§ Task brief: Repeat, exactly as they appear, the lines from the one with "Buty damskie. Czarne" through the last line of the entries below, but none of the pictures.

* * * * * * *

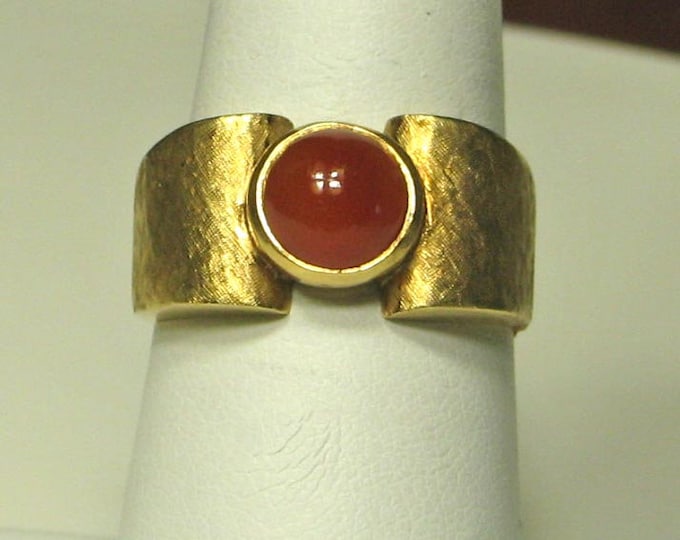 Vintage Mid Century Retro Carnelian Gold Ring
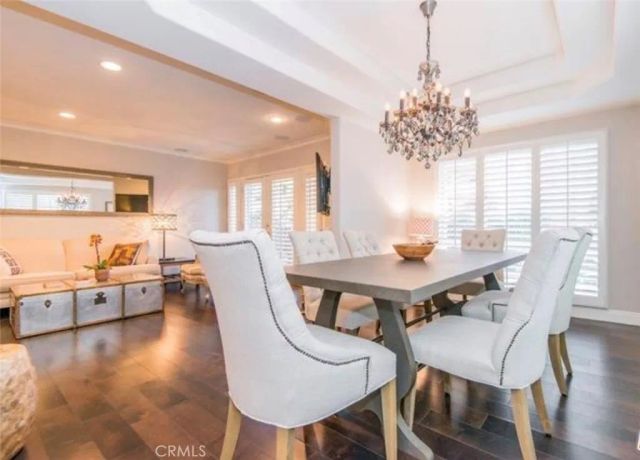 11855 Goshen Avenue 101, Los Angeles, CA 90049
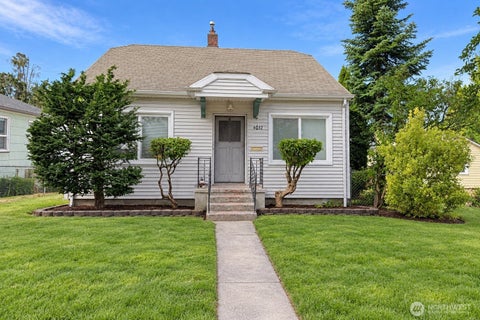Photo of 4032 S Bell Street, Tacoma, WA 98418 (MLS # 2581310)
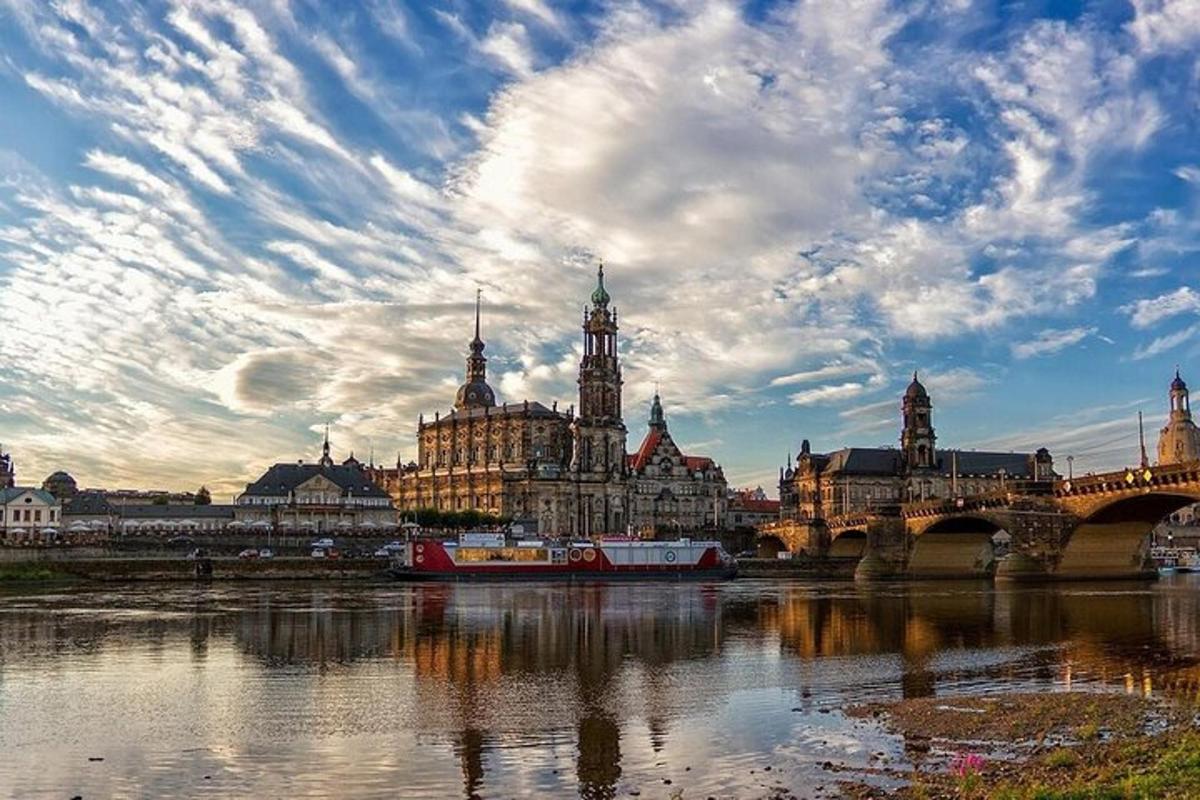 una ciudad con un puente y un edificio con una torre de reloj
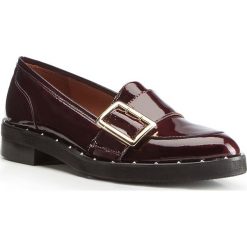 Buty damskie. Czarne mokasyny damskie Wittchen, ze skóry. W wyprzedaży za 287,92 zł.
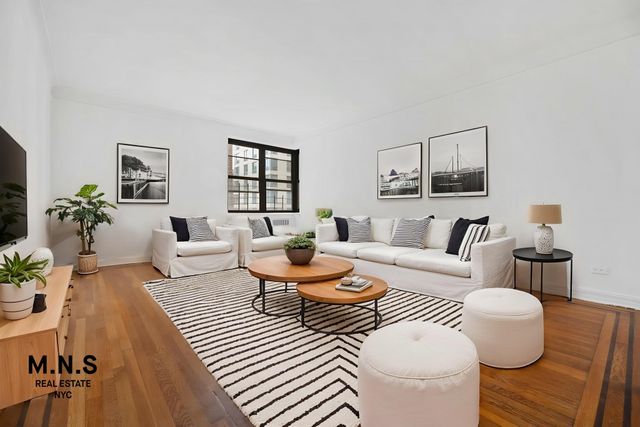 15501 90th Ave Apt 3A, New York City, NY 11432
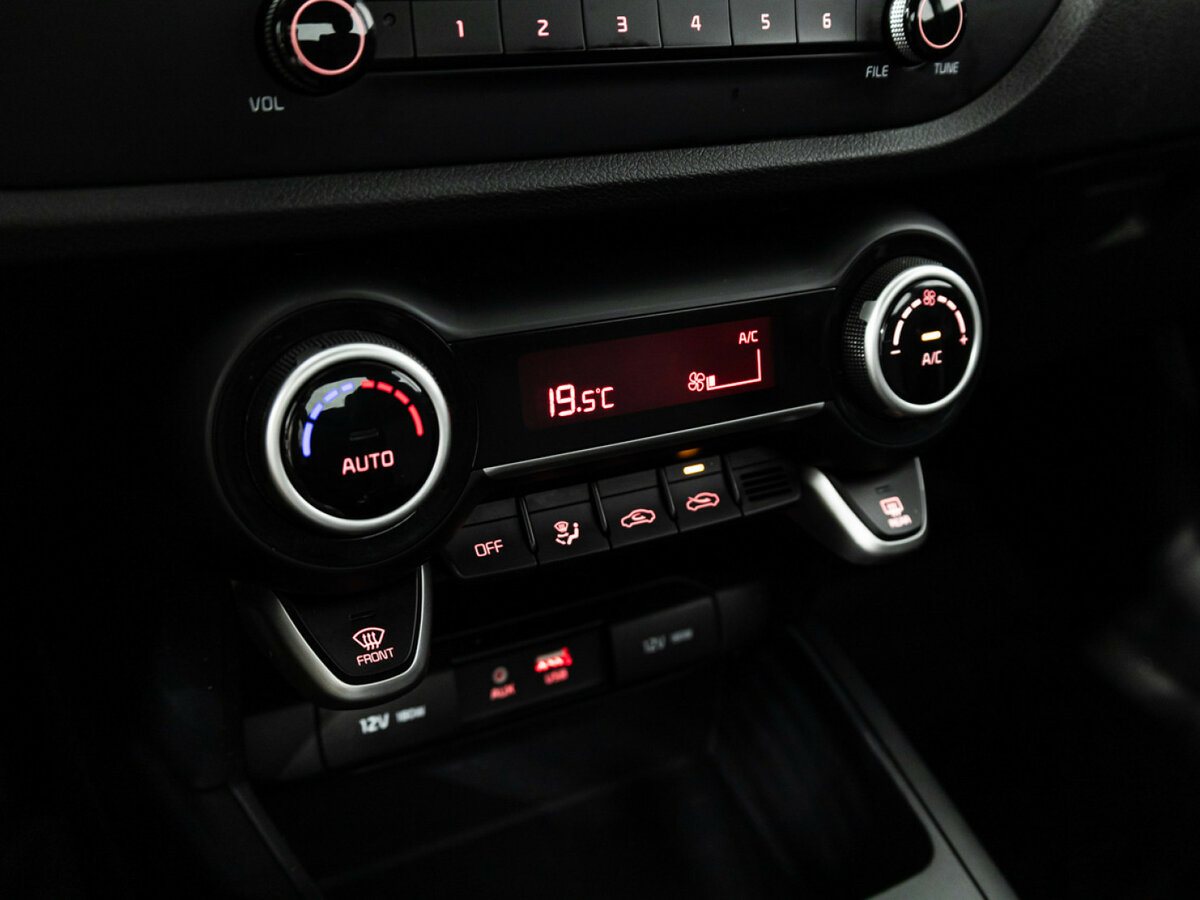 Kia Rio с пробегом — 2018 год. Фото: #15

* * * * * * *

§ Task result:
 Buty damskie. Czarne mokasyny damskie Wittchen, ze skóry. W wyprzedaży za 287,92 zł.
 15501 90th Ave Apt 3A, New York City, NY 11432
 Kia Rio с пробегом — 2018 год. Фото: #15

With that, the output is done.